The aspects of vision are many,
and in addition there are reflections, illusions and hallucinations.
If some can be shared that makes us less alone.
If the dark can be faced, that makes us less afraid.
If we accept sight, that makes us more visible.

I feel the city caging me like an animal;
I am crushed by the weight of the system,
but I can still raise a – human- shout against it.
I feel the tension of doubt surge in me,
the release of eye-on-eye love,
the loss of childhood idols and aspirations;

I clutch the transitory prizes of knowledge and unspoken faith.
I feel the torch in my hand,
The spark in my heart,
and I must carry both as long as I can.
We all have our torches;
but lone flame-bearers do not make a procession of humanity.

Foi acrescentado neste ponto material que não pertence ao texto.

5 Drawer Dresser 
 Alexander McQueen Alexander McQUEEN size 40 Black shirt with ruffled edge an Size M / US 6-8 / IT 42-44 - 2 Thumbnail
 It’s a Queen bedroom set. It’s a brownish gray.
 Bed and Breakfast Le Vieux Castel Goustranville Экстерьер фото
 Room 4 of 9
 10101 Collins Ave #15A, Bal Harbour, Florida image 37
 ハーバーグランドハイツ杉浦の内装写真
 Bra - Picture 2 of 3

It has been, and remains, my hope that through songs
vision can be shared and enhanced.
As for me, disappearing like the Cheshire Cat
with hardly even my smile intact,
I can still look at you only through the camera.
There is more urgent vision than that.
Listen to yourself.

Saudações

Mário

__________________
If I gave you just a little song
would that be enough
to save your life
or is the knife already turning in my hand?

Fernando Magalhães
08.11.2002 170526
Caro Mário

Está aqui tudo, de facto, senão relativamente aos “conteúdos” (esses que o tempo e a experiência vão moldando e transformando), pelo menos em relação às intenções e orientação geral da obra de PH.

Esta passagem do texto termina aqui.